Fafnir



				

				

"Quello che abbraccia". E' il celeberrimo drago ucciso da Sigfrido. Inizialmente era un nano, uno dei tre figli di Hreidmarr; gli altri erano Reginn e Otr. Il malvagio dio Loki uccise quest'ultimo, ed il padre ottenne, in risarcimento dell'omicidio, un vaso pieno d'oro, il tesoro di Andvari. Ma Loki lo avvertì che quell'oro sarebbe stato causa di morte per i suoi possessori. A conferma immediata della predizione, Hreidmarr fu ucciso dai suoi due restanti figli; Fafnir, poi, si tramutò in drago e scacciò il fratello, rimanendo sotto questa forma a guardia dell'oro, nella tana detta Gnitaheidhr, indossando l'elmo del terrore che era stato del padre. Nel frattempo Reginn adotta il giovane Sigfrido, cui forgia una spada eccezionale, con la quale lo spedisce ad uccidere Fafnir.
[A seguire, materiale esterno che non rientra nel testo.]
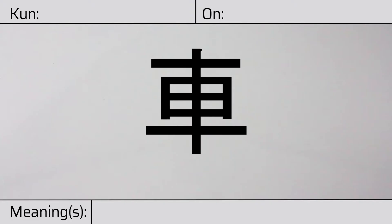Welcome to this lesson on Japanese kanji. Today, we'll be discussing this character.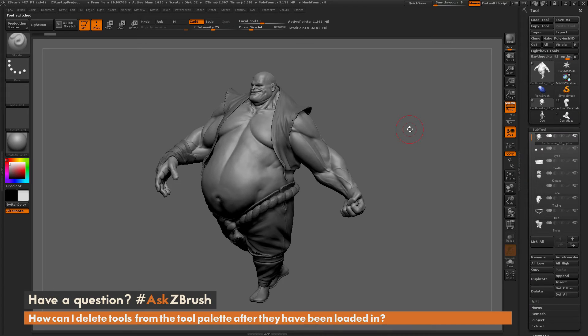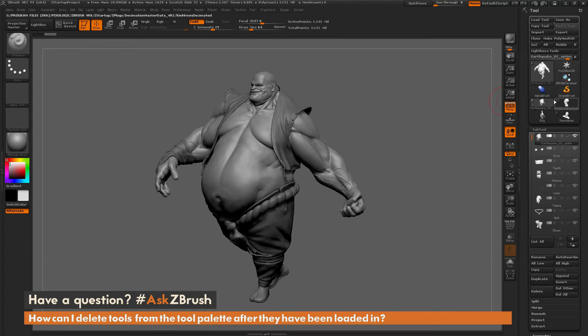This is Joseph Drust, and welcome back to another episode of Ask ZBrush. We had a question sent in from a user on how to delete tools from the palette after they have been loaded in.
Sigfrido riesce nell'impresa e si impadronisce dell'oro; una goccia di sangue del drago, schizzatagli sulla lingua, lo mette in grado di comprendere il linguaggio degli uccelli. Grazie a questa nuova prerogativa può così scoprire che il suo padre adottivo, Reginn, lo attende per ucciderlo ed impadronirsi del tesoro. Messo sull'avviso, Sigfrido previene Reginn, uccidendolo, e compiendo così la profezia di Loki.